Un problème de langue aux racines profondes
L’un des défis majeurs reste la langue d’enseignement. Si le français demeure la langue officielle de scolarisation, il est loin d’être maîtrisé par une majorité d’élèves à leur entrée à l’école. L’absence de politique linguistique cohérente pour intégrer les langues nationales (lingala, swahili, kikongo, tshiluba) comme passerelles d’apprentissage a creusé un fossé entre élèves, enseignants et programmes scolaires. Le résultat : une perte de sens, une mémorisation mécanique, et une incapacité à construire des savoirs durables.
Infrastructures : l’école sous les arbres
Dans les milieux urbains comme en zones rurales, les infrastructures scolaires sont largement inadaptées. Il n’est pas rare de trouver des élèves entassés à plus de 100 par classe, partageant deux bancs pour quatre.
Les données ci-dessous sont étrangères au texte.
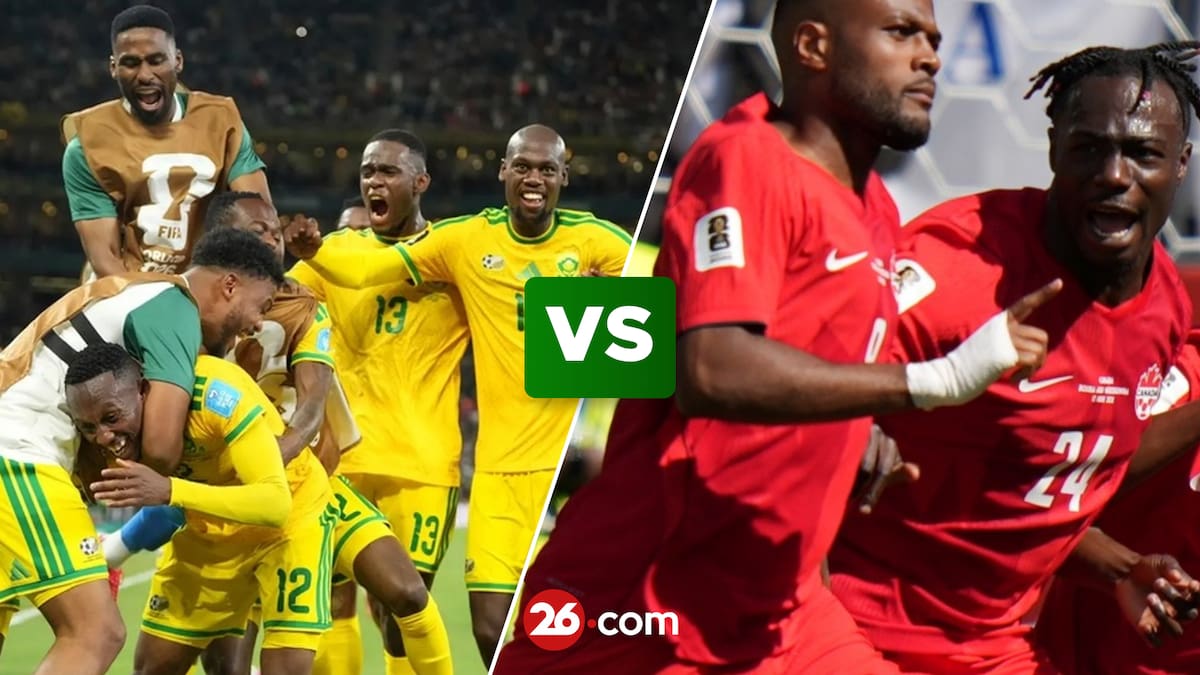 Sudáfrica vs Canadá por los 16avos de final del Mundial 2026.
Dans certaines provinces, des écoles fonctionnent sans toitures, sans tableaux, ni toilettes. L’électricité, les bibliothèques ou les laboratoires sont un luxe réservé à une poignée d’écoles urbaines, souvent privées.
Le secteur public est gravement sinistré. Les écoles véritablement publiques sont rares : dans la majorité des cas, les établissements dits « publics » sont en réalité gérés par des réseaux confessionnels (principalement catholiques, protestants, kimbanguistes) ou des structures privées à but lucratif, avec peu de régulation. Ce modèle hybride fragilise l’universalité du droit à l’éducation.
Efforts du gouvernement : une volonté confrontée à la réalité
Depuis 2019, la gratuité de l’enseignement primaire a été instaurée comme politique phare du président Félix Tshisekedi. Cette réforme a permis de ramener plus de 4 millions d’enfants à l’école, selon les estimations officielles. Mais elle s’est déployée sans planification suffisante ni financement durable. Résultat : classes surpeuplées, enseignants non formés, infrastructures saturées.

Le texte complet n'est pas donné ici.